Low level "bit-twiddling" performance...

GordonBGood commented 7 months ago

Description

There have been some performance benchmarks written that show that Roc is "in there" as to running a simple QuickSort on various amounts of random data in spite of being purely functional using persistent data structures due to doing mutation in-place when such mutation cannot be detected "from the outside"; however, a random sorting algorithm doesn't really push low level speeds as much of the time is taken by missed branch predictions, as can be seen by the fastest compared language (C++) being less than twice as fast as the slowest compared language (JavaScript).

To properly evaluate this, a benchmark that is only dependent on raw low-level CPU computation speed is more appropriate, and for this I use a version of odds-only Sieve of Eratosthenes over a bit buffer no larger than the CPU L1 cache, which benchmark runs in C/C++ in about 1.5 CPU clock cycles per culling operation on a modern CPU. I made my best attempt at this in Roc and it is about 20 times slower at 30 CPU clock cycles per operation.

As Roc doesn't have something called contiguous arrays, I checked the implementation of Roc List's and that is what they actually are, as implied in some documentation. I will provide both my Roc code and C code for this benchmark so it can be seen that they both do the same thing. Some will immediately comment that I should profile the program to identify the "hot spot", but it is obvious that his program spends almost all of its time in the innermost simple culling loop. Memory management is also not an issue here as the benchmark program allocates just one List to run the benchmark over at least hundreds of milliseconds.

I am new to Roc, and it is possible that I am missing some techniques for optimization or compiler environment that must be provided for performance.

My Testing Environment

Fedora 39 Linux x86_64 with the prerequisites as per the installation instructions.

The nightly build of Roc as of 21 Jan 2024 decompressed with the File extract tool.

The benchmark example is put into the Examples folder inside the extracted folder, and the Roc compiler is run inside that folder with the following command: "../roc build --optimize prime-bench.roc" in a terminal.

The program is then run from a terminal as follows: "./prime-bench".

For C, the program is build using GCC as per the following command from a terminal: "gcc -O3 -o prime-bench prime-bench.c"
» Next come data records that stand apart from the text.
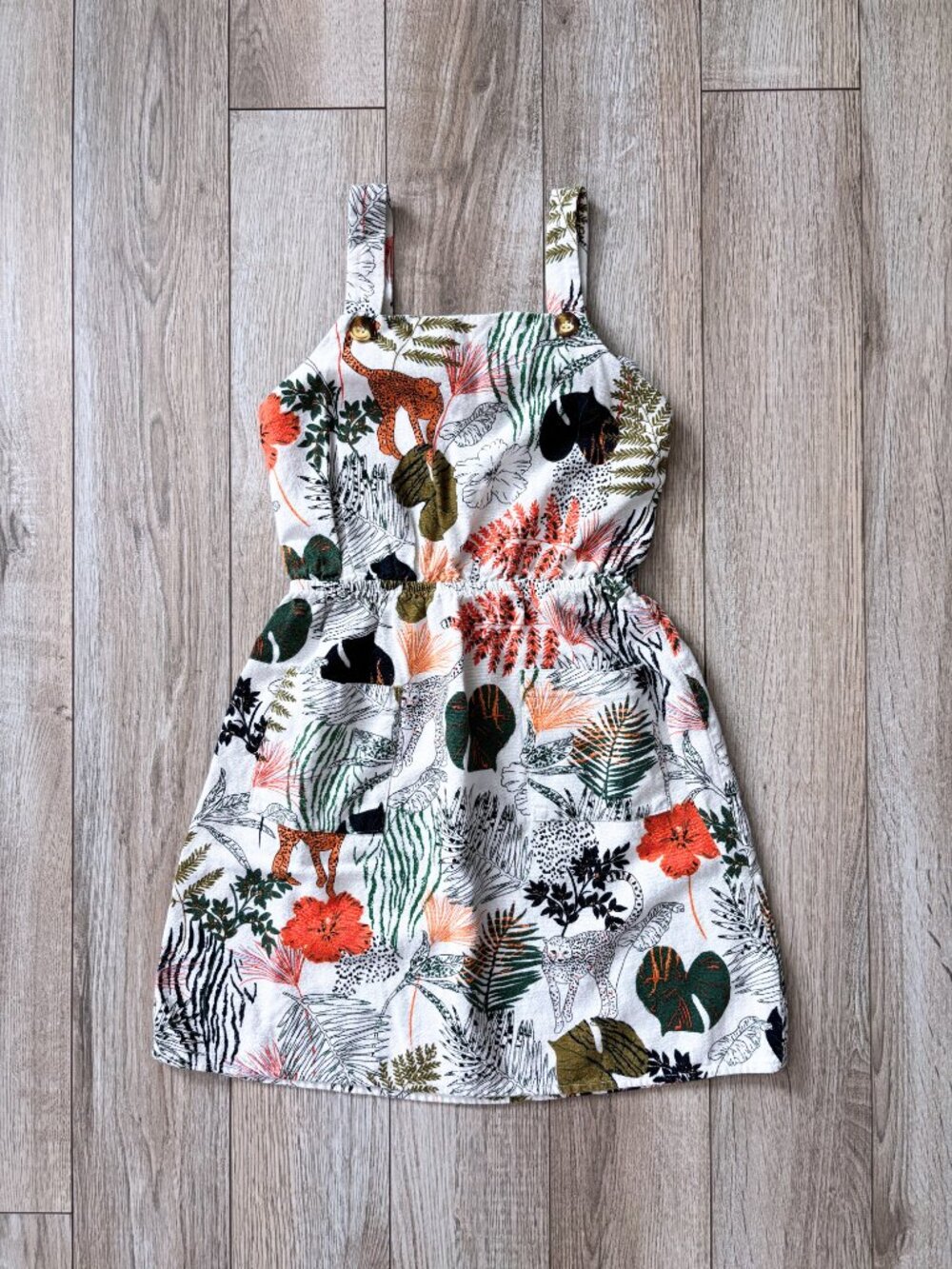 Sophia + Zeke Stitch Fix Kids Safari Jungle Print Sundress Boho Tropical Size 10 - Picture 2 of 15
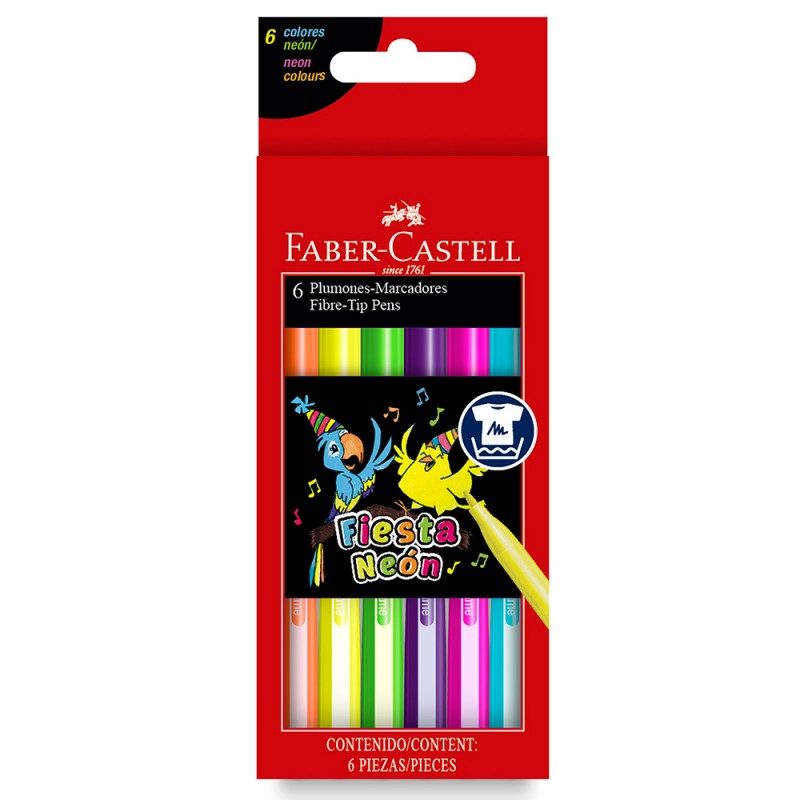 MARCADOR FABER CASTELL FIESTA X 6 COLORES NEON 664606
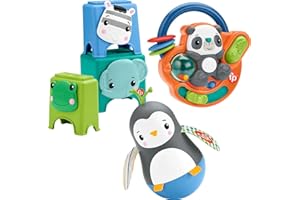 Fisher-Price Coffret Je Découvre Mes Mains, 3 Jouets Dâ€™éveil pour Bébé Et Tout-Petit, Spécial Motricité Fine, 6 Mois Et Plus, HFJ93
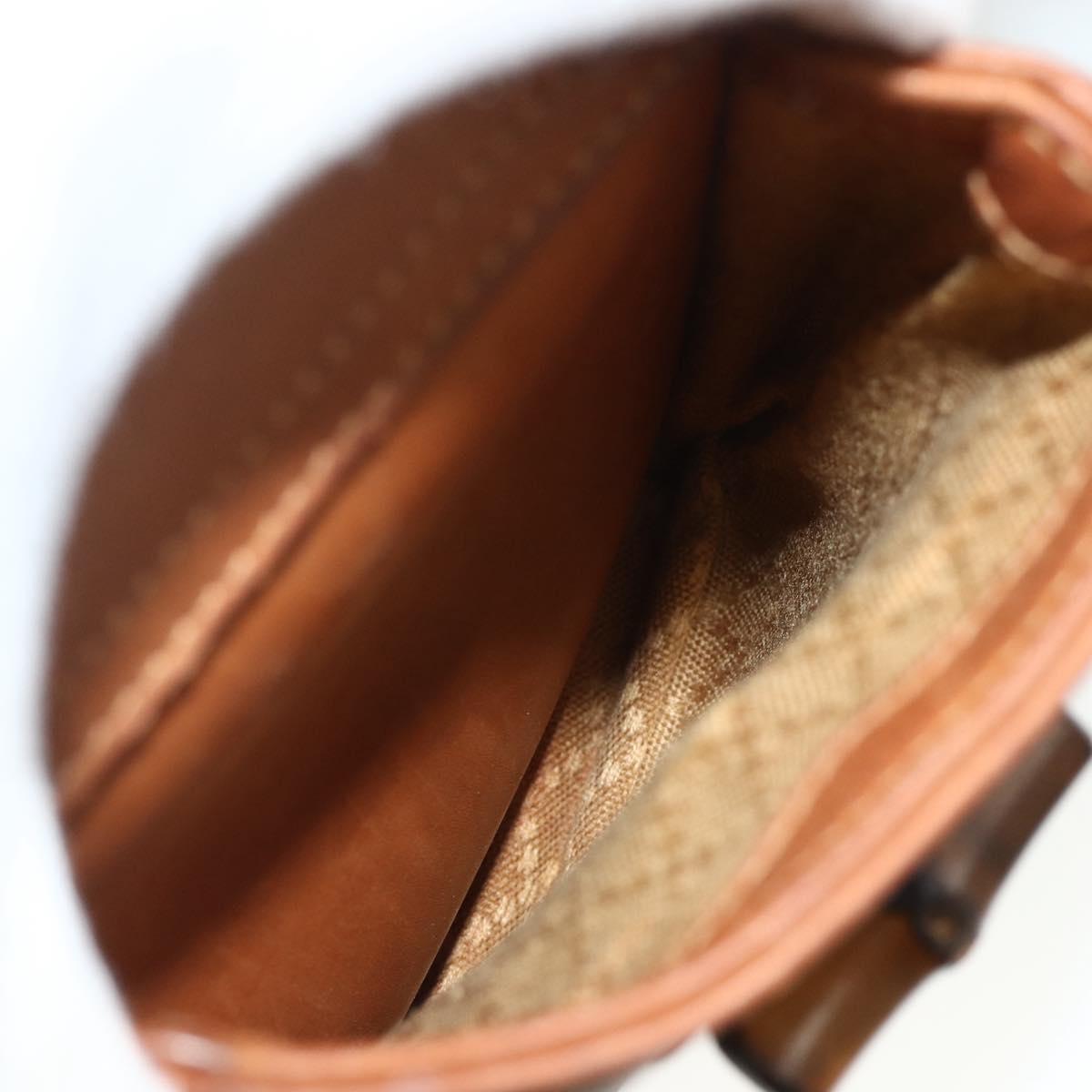 GUCCI Bamboo Backpack Leather Brown Gold 003 58 0016 Auth 177054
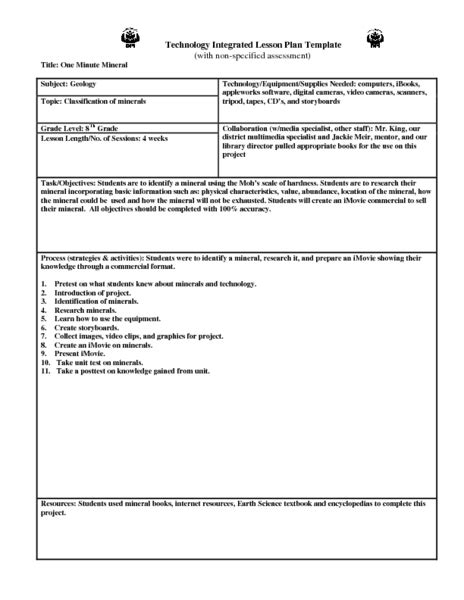 Classification Of Minerals Lesson Plan For 4th 8th Grade Lesson Planet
The C-built program is then run in the same way as the Roc-built one is.

The Benchmark Codes

Note that for both codes, the culling is run 1000 times for timing accuracy:

Roc (EDITED_TO_CLEAN_UP_CODE):

app "prime-bench"
    packages { pf: "https://github.com/roc-lang/basic-cli/releases/download/0.7.1/Icc3xJoIixF3hCcfXrDwLCu4wQHtNdPyoJkEbkgIElA.tar.br" }
    imports [pf.Stdout, pf.Utc.{ now, deltaAsMillis }, pf.Task.{ await }]
    provides [main] to pf

primeBench : {} -> I32
primeBench = \ _ ->
    loop : I32, List U8 -> I32
    loop = \ n, cmpsts ->
        count : Nat, I32 -> I32
        count = \ i, sum ->
            if i >= 131072 then sum else
            elem = List.get cmpsts (i |> Num.shiftRightBy 3) |> Result.withDefault 0
            cnt = elem |> Num.shiftRightBy (i |> Num.bitwiseAnd 7 |> Num.intCast)
            count (i + 1) (sum - (cnt |> Num.bitwiseAnd 1 |> Num.intCast))
        if n == 0 then count 0 131073 else
        loopi = \ i, cmps ->
            s0 = (i + i) * (i + 3) + 3
            if s0 >= 131072 then cmps else
            elem = List.get cmps (i |> Num.shiftRightBy 3) |> Result.withDefault 0
            msk = 1 |> Num.shiftLeftBy (i |> Num.bitwiseAnd 7 |> Num.intCast)
            if (elem |> Num.bitwiseAnd msk) != 0 then loopi (i + 1) cmps else
            bp = i + i + 3
            slmt = s0 + bp * 8
            loops = \ s, cs ->
                if s >= slmt then cs else
                smsk = 1 |> Num.shiftLeftBy (s |> Num.bitwiseAnd 7 |> Num.intCast)
                updtf = \ a -> a |> Num.bitwiseOr smsk
                cull = \ c, cp ->
                    if c >= 16384 then cp else
                    cull (c + bp) (List.update cp c updtf)
                loops (s + bp) (cull (s |> Num.shiftRightBy 3) cs)
            loopi (i + 1) (loops s0 cmps)
        loop (n - 1) (loopi 0 cmpsts)
    loop 1000 (List.repeat 0u8 16384)

main : Task.Task {} e
main =
    start <- now |> await
    answr = primeBench {}
    stop <- now |> await
    elpsdStr = deltaAsMillis start stop |> Num.toStr
    "Found \(answr |> Num.toStr) primes to 262146 in \(elpsdStr) milliseconds."
      |> Stdout.line

The equivalent C code:

#include <stdio.h>
#include <time.h>
#include <stdlib.h>

int primesBench() {
    unsigned char *cmpsts = malloc(16384);
    for (int i = 0; i < 16384; ++i) cmpsts[i] = 0;
    for (int n = 1; n <= 1000; ++n) {
        for (int i = 0; ; ++i) {
            int s0 = (i + i) * (i + 3) + 3;
            if (s0 >= 131072) break;
            if (cmpsts[i >> 3] & (1 << (i & 7))) continue;
            int bp = i + i + 3;
            int slmt = s0 + 8 * bp;
            for (int s = s0; s < slmt; s += bp) {
                unsigned char msk = 1 << (s & 7);
                for (int c = s >> 3; c < 16384; c += bp) cmpsts[c] |= msk;
            }
        }
    }
    int cnt = 131073;
    for (int i = 0; i < 131072; ++i) cnt -= cmpsts[i >> 3] >> (i & 7) & 1;
    free(cmpsts);
    return cnt;
}

int main() {
    clock_t start = clock();
    int answr = primesBench();
    double elpsd = (double)(clock() - start) / CLOCKS_PER_SEC * 1000;
    printf("Found %d primes up to 262146 in %f milliseconds.\r\n", answr, elpsd);
    return 0;
}

The Results

For Roc: Found 23000 primes to 262146 in 1648 milliseconds.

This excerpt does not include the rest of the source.